Times are tough for Japanese carmakers.
As China’s assault on the world’s automotive industry gathers speed, Japan’s national champions are emerging as some of the biggest victims.
In China itself, the world’s largest car market, Japanese automakers are fighting for survival as local competitors flood showrooms with wave after wave of electric vehicles. The same Chinese companies are pushing into Southeast Asia, rapidly gaining ground in what has long been a stronghold for legacy brands like Toyota, Honda and Mitsubishi.
Japanese automakers suffered the biggest market share losses of any carmakers between 2019 and 2024 in China, Singapore, Thailand, Malaysia and Indonesia, according to an exclusive Bloomberg analysis of vehicle sales and registration data.
In China, all six Japanese automakers tracked by Bloomberg have ceded ground – even Toyota’s sales and output have hit a plateau. In Southeast Asia, where loyalty to Japanese marques is so strong that almost every car in Indonesia as recently as 2019 was from the nation, Chinese brands are chipping away. That’s especially the case in Thailand and in Singapore, where Japanese carmakers’ shares have been eroded down to 35% from more than 50% in 2019.
While Toyota, the world’s no. 1 carmaker by volume, is still holding its ground in some segments like pickups, the overall picture is worrying for companies once considered pioneers in efficiency and reliability.

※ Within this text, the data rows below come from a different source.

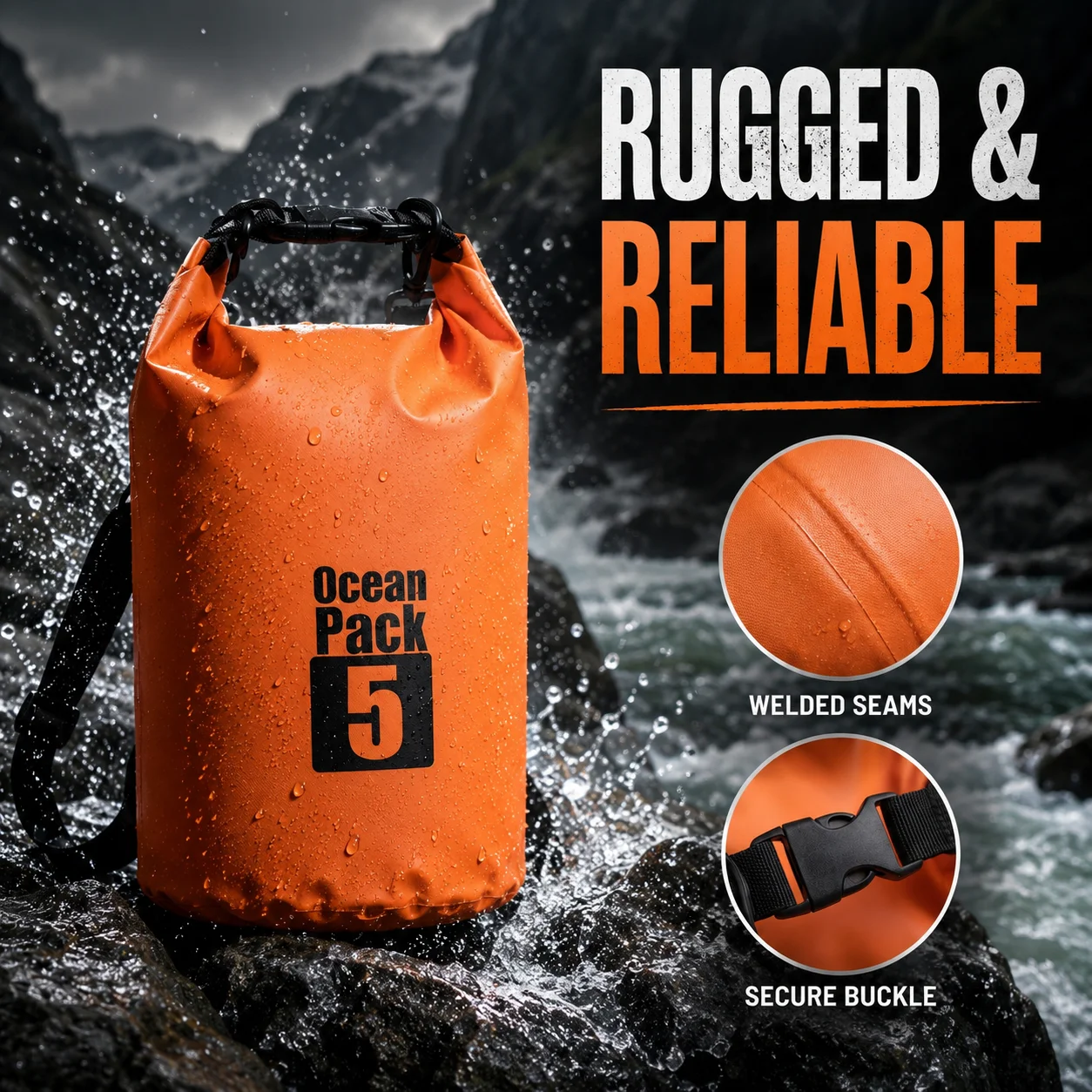 Wasserdichte Trockentasche mit Rollverschluss aus PVC für Kajak, Rafting, Strand, Camping, Wandern und Reisen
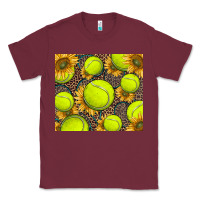 Burgundy tennis ball with sunflower and racket Classic Tee - BarkalooDesign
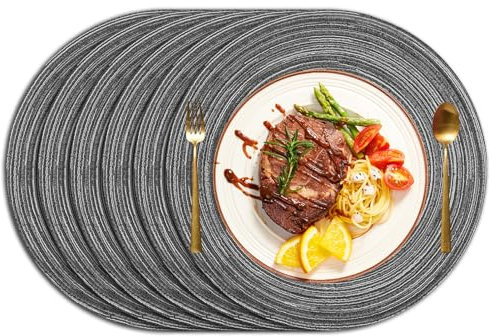 wiipara 6er Set Baumwolle Tischsets Abwaschbar, 38cm Platzsets Rund Geflochtene Platzdeckchen Platzset Rund Tischuntersetzer Platzteller Hitzebeständig für Küche Speisetisch Hochzeit - Platzset Grau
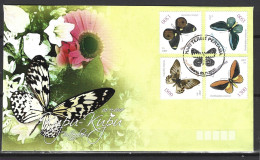 INDONESIE. N°2183-6 De 2007 Sur Enveloppe 1er Jour. Papillons. - Papillons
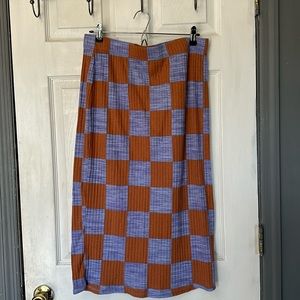 ASCOT + HART CHECKERED GRAPHIC MAXI SKIRT
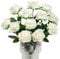 Kisflower 12Pcs Rosen Künstliche Blumen Realistische Einzelstielblumen Seidenrosenstrauß für Hochzeitsfeier Büro Home Decor (Weiß)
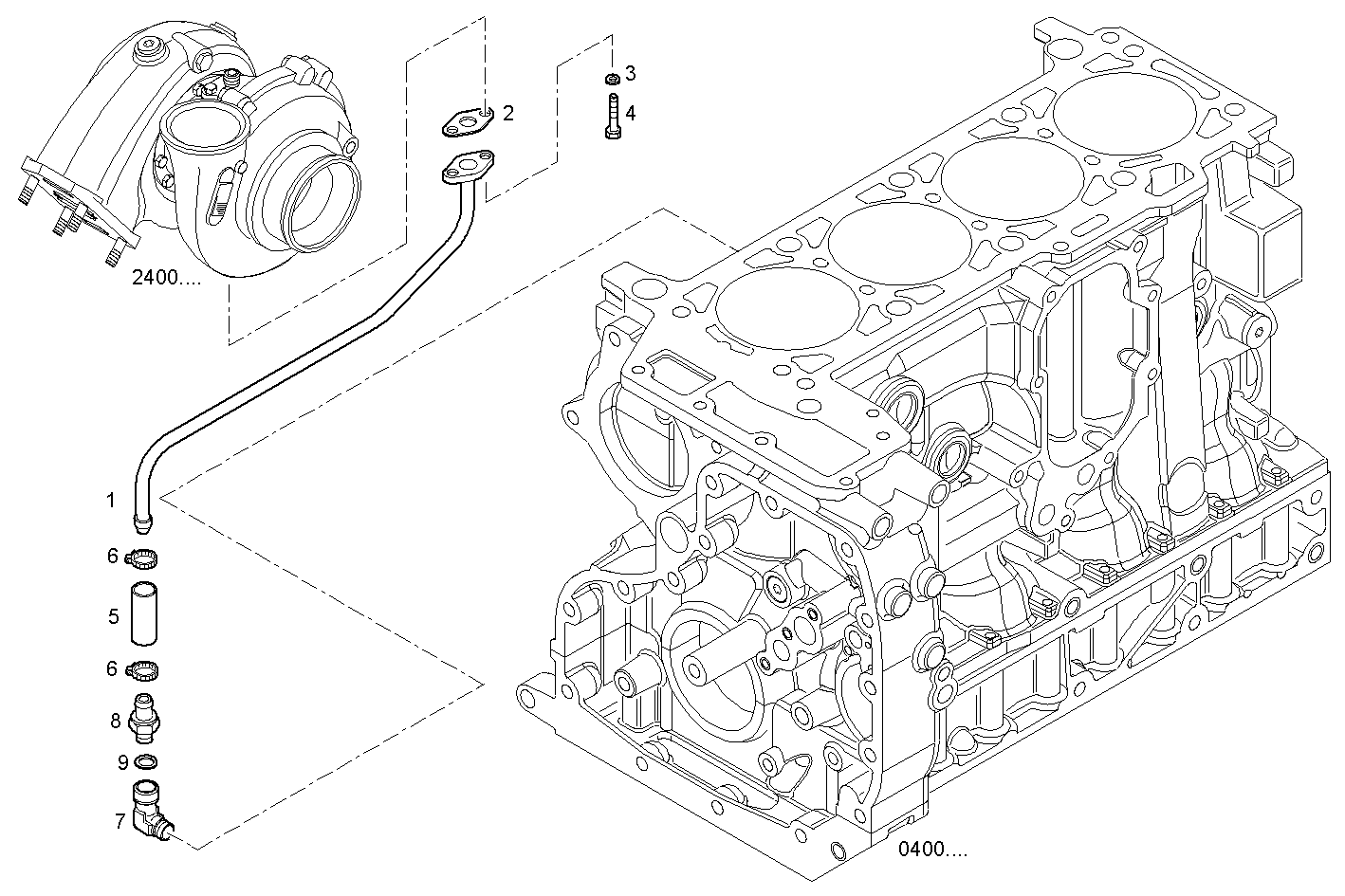 LUBE OIL LINES - S30ENTM23.10 SOFIM HPI 3.0L parts diagram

The loss of market share in Asia also portends a potential wider slide in Europe and the US, although Chinese automakers largely don’t sell passenger cars there due to punitive tariffs. As a group, Japanese carmakers have been slow to shift to fully electric vehicles. That could cost them dearly as they fall further behind in an industry where winners are being minted based on cutting-edge battery technology and smart software.
In Southeast Asia, busy streets and highways long dominated by Nissan and Mazda marques are beginning to see new grilles and badges.

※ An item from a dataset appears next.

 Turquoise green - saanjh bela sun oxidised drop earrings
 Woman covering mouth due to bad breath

Toyota’s enduring edge in Southeast Asia comes from its production capacity within the region, where it makes a number of gasoline cars with bigger engines that are popular among local customers. Thailand and Indonesia together accounted for almost 10% of the some 11 million vehicles it manufactured in 2023.
And yet in Jakarta, where Toyotas remain the most visible brand on the capital’s roads, Nissans are now almost an endangered species. Earlier this month, Nissan reported a sharp downturn in profit fueled by an outdated lineup, elevated spending on sales incentives and a lack of hybrids in North America, leading it to slash jobs and production.
BYD ranked as Indonesia’s no. 6 brand by sales last month, after only delivering its first batch of cars to customers in July. Staff at BYD’s flagship showroom in Jakarta said the Seal, a mid-sized electric hatchback that starts from $40,000, is most popular.
To fight back, Japanese brands are investing in partnerships and long-term projects to develop in-vehicle software, solid state batteries and other technologies they need to regain the upper hand.
Earlier this year, Toyota unveiled prototypes of a so-called carbon neutral combustion engine that could help it further improve its hybrid technology. It’s also building its own software platform to rival the luxurious features found in Chinese EVs.
Honda, Nissan and Mitsubishi are meanwhile ironing out a partnership formed this year to collaborate on software and EV infrastructure.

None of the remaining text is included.